**YOUR ASSIGNMENT**. In the copy, keep every word of the data below and none of its pictures.

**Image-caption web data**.
※ ※ ※
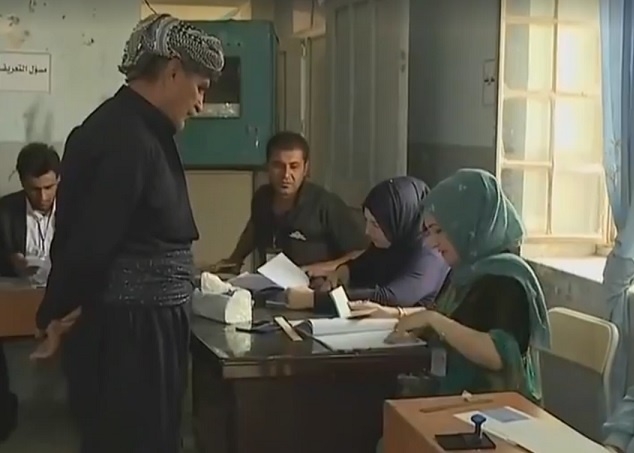  	 لە هەولێر لە بنکەیەکی دەنگداندا رێژەی بەڵی ٩١% بووە 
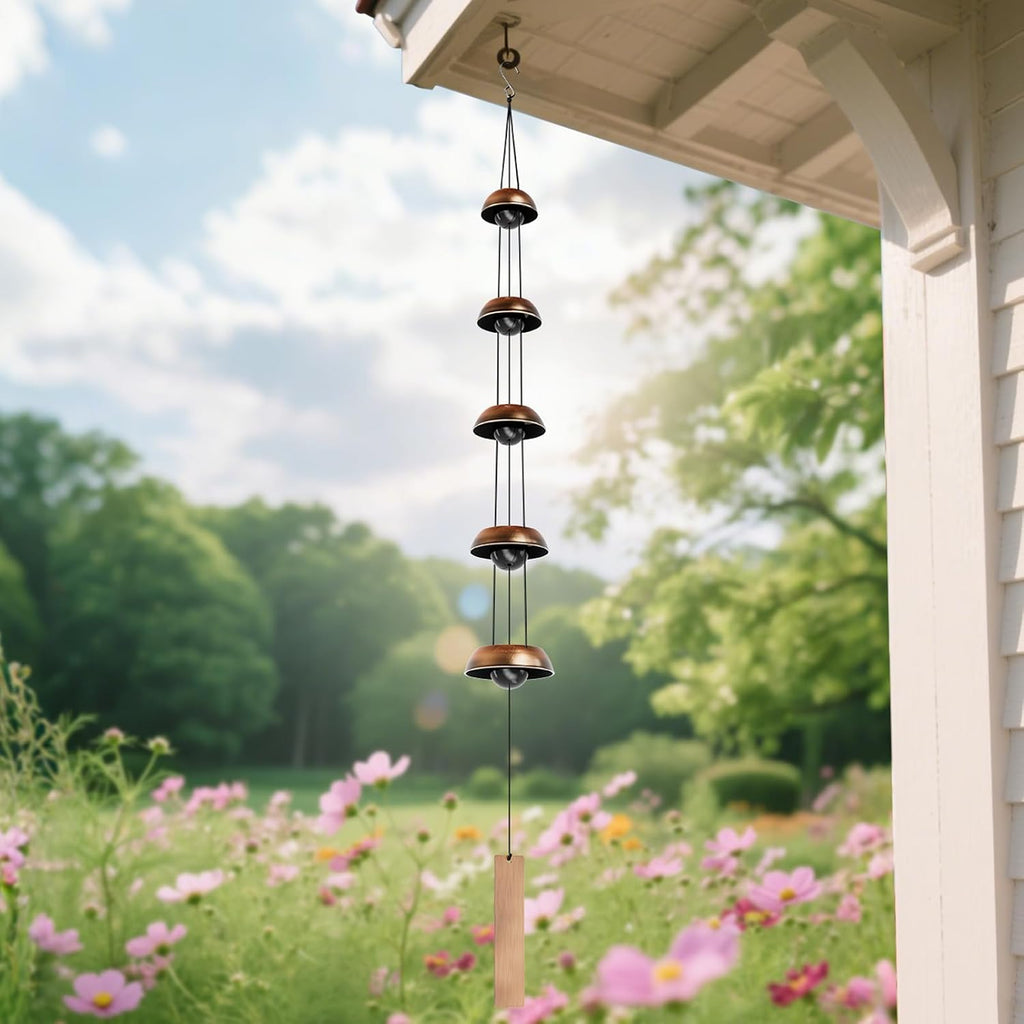 Copper Wind Chimes for Outside Clearance, 36'' Temple Windchimes Outdoors w/5 Bells, Memorial Wind Chime Gifts for Mom Grandma Mother Women, Feng Shui Wind Bell for Home Garden Zen Decor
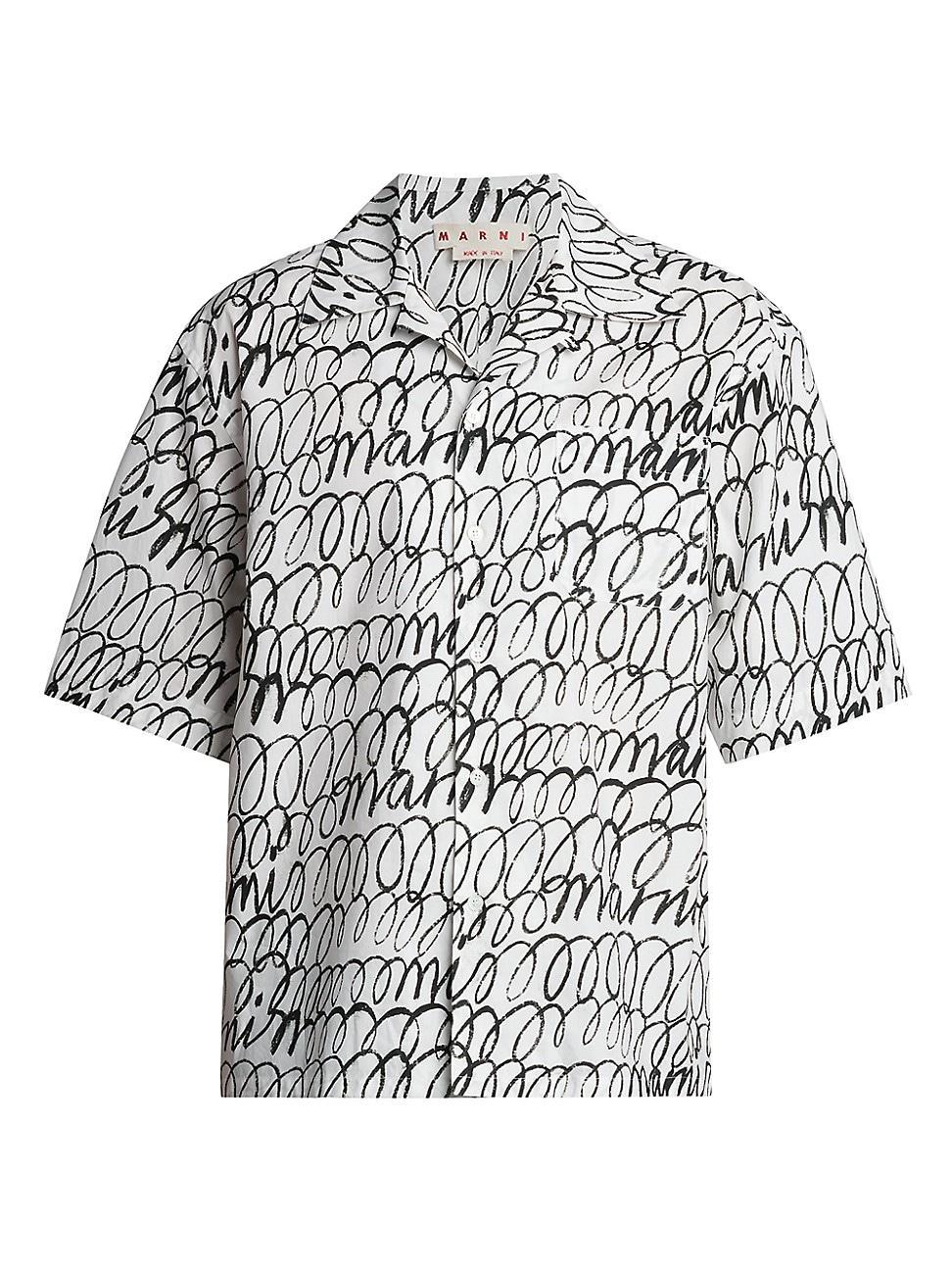 Men's Scribbled Poplin Camp Shirt Product Image
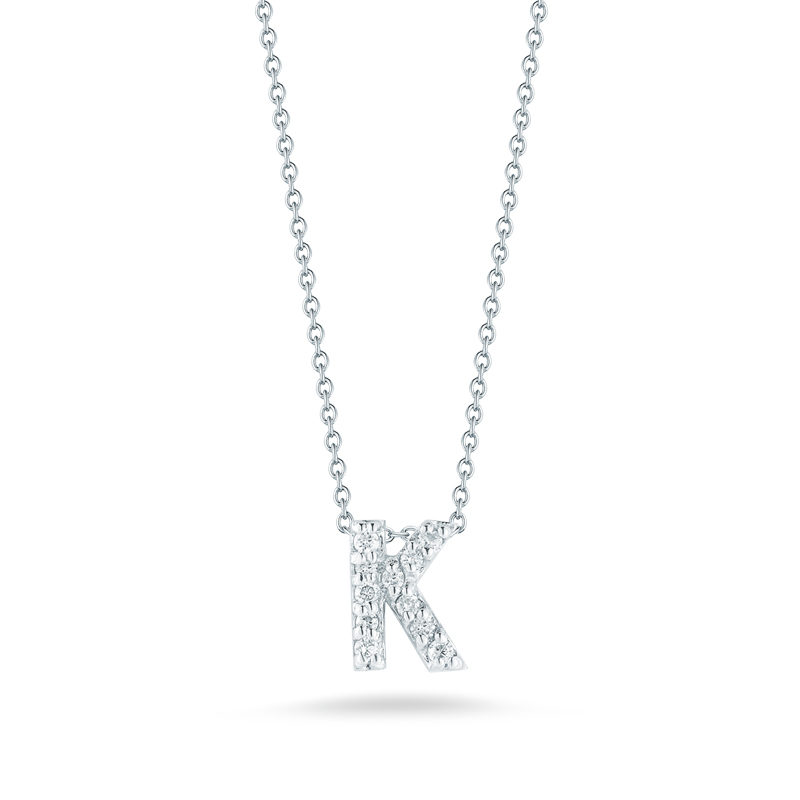 Roberto Coin Tiny Treasures Love Letter Diamond Initial Necklaces in White Gold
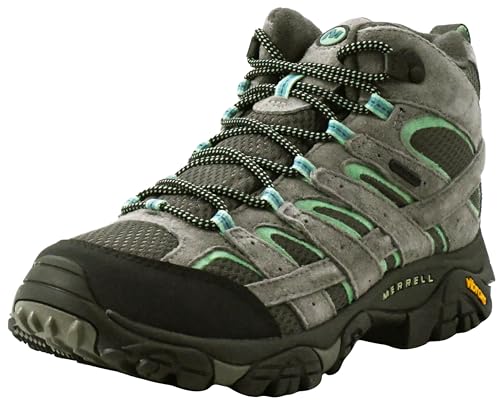 Merrell Women's Moab 2 Mid Waterproof Hiking Boot, Drizzle/Mint, 9.5 M US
※ ※ ※
**SOLUTION**.
  	 لە هەولێر لە بنکەیەکی دەنگداندا رێژەی بەڵی ٩١% بووە 
 Copper Wind Chimes for Outside Clearance, 36'' Temple Windchimes Outdoors w/5 Bells, Memorial Wind Chime Gifts for Mom Grandma Mother Women, Feng Shui Wind Bell for Home Garden Zen Decor
 Men's Scribbled Poplin Camp Shirt Product Image
 Roberto Coin Tiny Treasures Love Letter Diamond Initial Necklaces in White Gold
 Merrell Women's Moab 2 Mid Waterproof Hiking Boot, Drizzle/Mint, 9.5 M US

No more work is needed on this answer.